Intra- and inter-observer variability

Intra-observer and inter-observer variability for the carotid ultrasound and arterial stiffness parameters were examined in 10 randomly chosen patients. For intra-observer variability, the same reviewer re-measured the parameters after the initial measurement. Inter-observer variability was measured by a second reviewer who was blinded to the clinical history.

Statistical analysis

Statistical analysis was done with SPSS software version 20. Quantitative variables were expressed as mean and standard deviation (SD). Categorical variables were expressed as number and percentages. Independent samples T test was used to compare between MS patients and controls in the quantitative variables, while Chi-square test was used to compare to compare between MS patients and controls in categorical variables. Pearson’s correlation was used to describe the association between the quantitative variables. P-values ≤ 0.05 (two-sided) were considered statistically significant.

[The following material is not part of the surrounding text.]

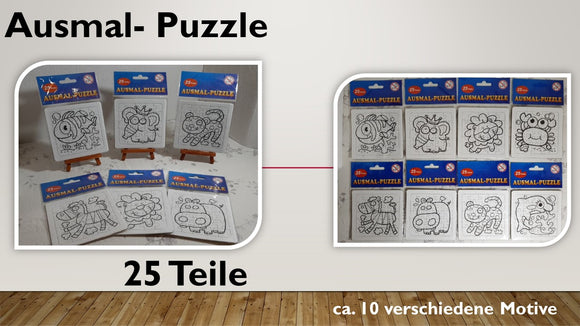 Ausmalpuzzle (20 Stück)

This study is a case–control study conducted on fifty MS patients and fifty healthy controls. The baseline characteristics of patients and controls are demonstrated in Table 1. The MS patients and controls did not differ in age, sex, BMI, BSA, SBP, DBP, HR, or smoking status. The neurological and radiological characteristics of MS patients, in addition to the current DMDs, are demonstrated in Table 2.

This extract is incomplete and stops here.